Wenig überraschend, der Mikrozensus zeigte ebenfalls deutliche Unterschiede nach Geschlechtern. Die Einkommen der Frauen lagen zwischen 15 und 24 Prozent unter denen der Männer, je nach Teil- oder Vollzeit Erwerbstätigkeit. Ein ähnliches Bild gewinne ich in meinen Workshops mit Fotografinnen und Fotografen zu den Themen Honorargestaltung. Die Arbeits- oder Tageshonorare der Fotografinnen liegen oft unter den Sätzen der Männer. Das liegt einerseits an fehlender Sicherheit in der Honorargestaltung aber auch an mangelnden Skills, wie Verhandlungs- und Kommunikationswissen. Abgesehen davon, ist auffällig, wie viele Fotografen keine solide Einnahmen-, Ausgaben- oder Umsatzplanung betreiben. Auf die Frage „Was kostet dein Leben?“ sind nur die wenigsten vorbereitet, übrigens auch Männer. Kaum jemand hat gelernt einen Businessplan zu machen und validiert seine Zahlen. Wenige kennen ihr reines Arbeitshonorar, weil sie anderes mit hineinrechnen, wie beispielsweise Datenhandling, Bildbearbeitung oder Nutzungslizenz.

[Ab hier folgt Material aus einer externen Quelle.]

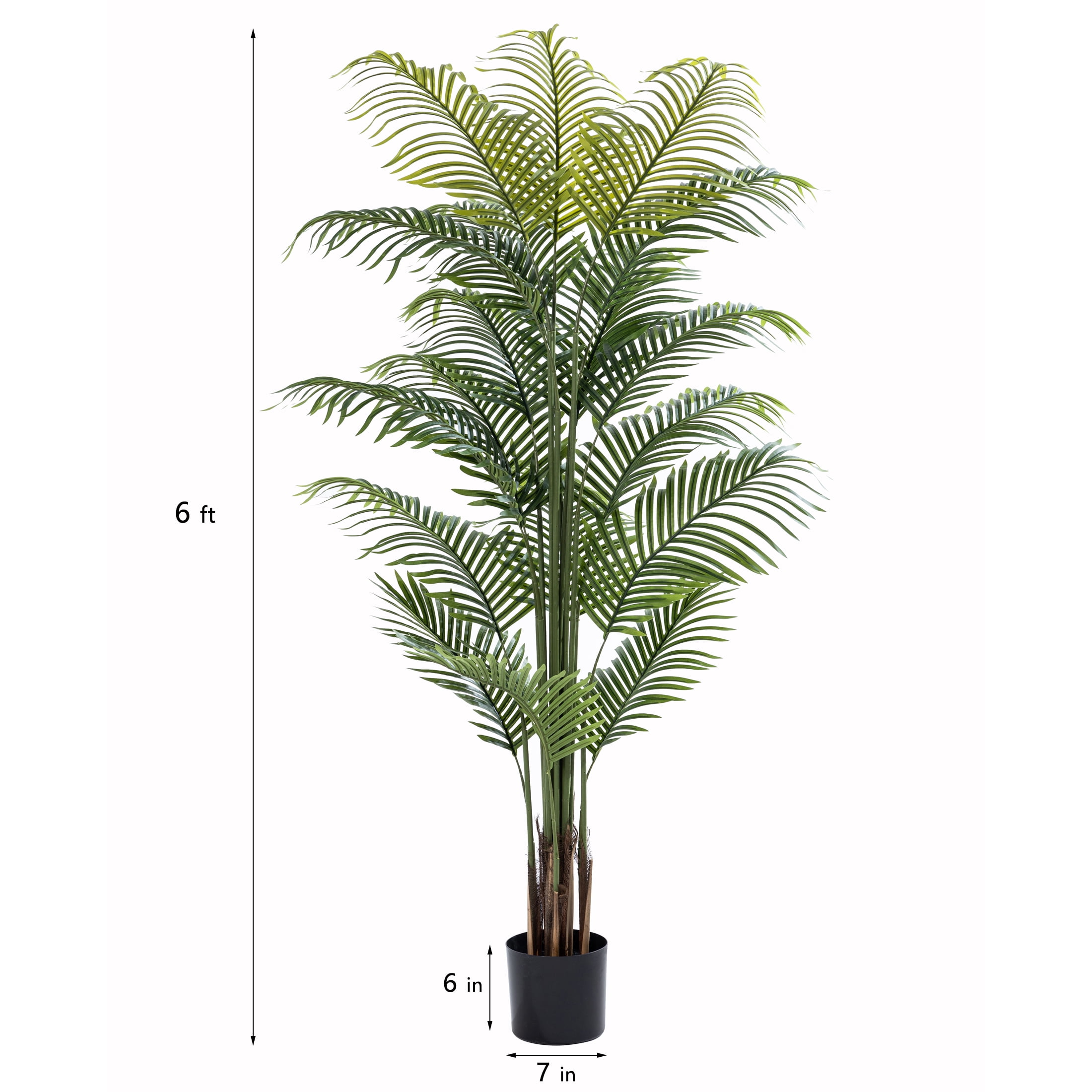 HiPlants 6ft Artificial Palm Plants, 6ft Fake Palm Tree, Pre Potted Faux Greenry Tree for Home Decor Office House Living Room Indoor Outdoor, Big Fake Plants Fake House Plants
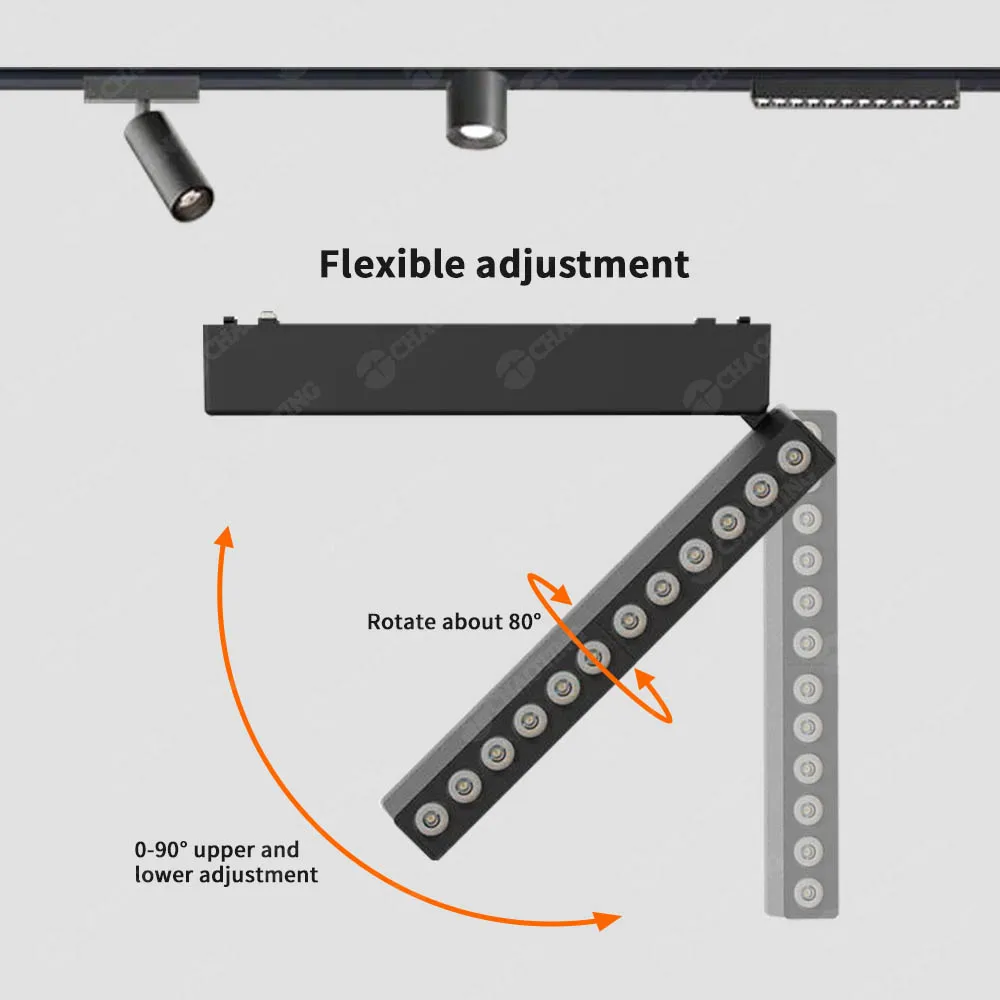Led Tracklight Supplier Black White Color Adjustable 360 Cob Track Light Focus Light In Dimmable 30W Led Track Lighting System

Was das betrifft, fahren viele Fotografinnen und Fotografen auf Sicht und nach Bauchgefühl. Ob am Ende des Monats oder des Jahres genug da ist, wird sich schon zeigen, anstatt sich einmal grundsätzlich klarzumachen, was sie real zum Leben benötigen. Geschätzte 90 Prozent haben eine unzureichende Altersvorsorge. In Österreich hat die überwiegende Zahl der Berufsfotografinnen und Fotografen einen anderen Teil- oder Hauptberuf neben der Fotografie. Das lässt ihnen Spielraum für die Ausübung der Fotografie, die Preisgestaltung und die Auswahl der Kunden und sichert Lebensunterhalt und Sozialleistungen. Vielleicht ist das für die Berufsfotografen in Deutschland künftig auch ein interessantes Modell.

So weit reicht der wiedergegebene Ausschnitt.